Signed-off-by: Filipe Manana <fdmanana@suse.com>
---
 fs/btrfs/send.c | 61 +++++++++++++++++++++++--------------------------
 1 file changed, 29 insertions(+), 32 deletions(-)

diff --git a/fs/btrfs/send.c b/fs/btrfs/send.c
index 9be3d7db85d6..6332add4865c 100644
--- a/fs/btrfs/send.c
+++ b/fs/btrfs/send.c
@@ -1884,7 +1884,8 @@ enum inode_state {
 	inode_state_did_delete,
 };
 
-static int get_cur_inode_state(struct send_ctx *sctx, u64 ino, u64 gen)

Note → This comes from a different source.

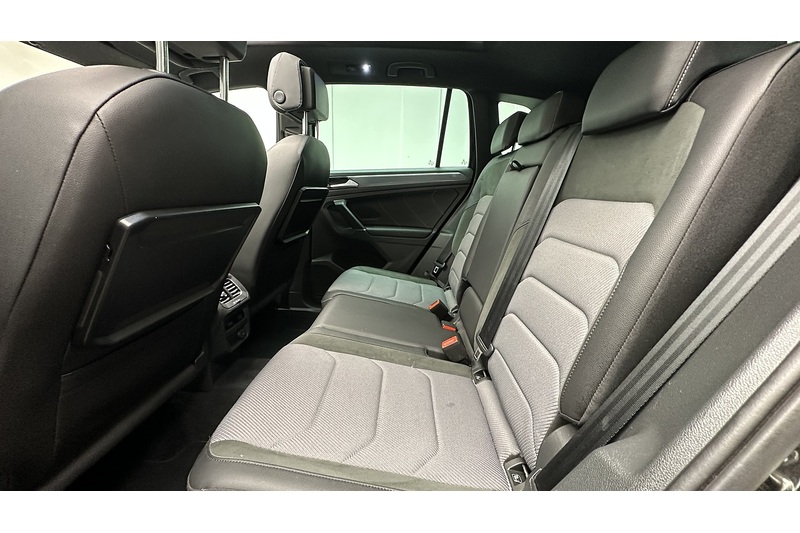 Volkswagen Tiguan TDI BlueMotion Tech R-Line - U3247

+static int get_cur_inode_state(struct send_ctx *sctx, u64 ino, u64 gen,
+			       u64 *send_gen, u64 *parent_gen)
 {
 	int ret;
 	int left_ret;
@@ -1898,6 +1899,8 @@ static int get_cur_inode_state(struct send_ctx *sctx, u64 ino, u64 gen)
 		goto out;
 	left_ret = (info.nlink == 0) ? -ENOENT : ret;
 	left_gen = info.gen;
+	if (send_gen)
+		*send_gen = (left_ret == -ENOENT) ? 0 : info.gen;
 
 	if (!sctx->parent_root) {
 		right_ret = -ENOENT;
@@ -1907,6 +1910,8 @@ static int get_cur_inode_state(struct send_ctx *sctx, u64 ino, u64 gen)
 			goto out;
 		right_ret = (info.nlink == 0) ? -ENOENT : ret;
 		right_gen = info.gen;
+		if (parent_gen)
+			*parent_gen = (right_ret == -ENOENT) ? 0 : info.gen;
 	}
 
 	if (!left_ret && !right_ret) {
@@ -1951,14 +1956,15 @@ static int get_cur_inode_state(struct send_ctx *sctx, u64 ino, u64 gen)
 	return ret;
 }
 
-static int is_inode_existent(struct send_ctx *sctx, u64 ino, u64 gen)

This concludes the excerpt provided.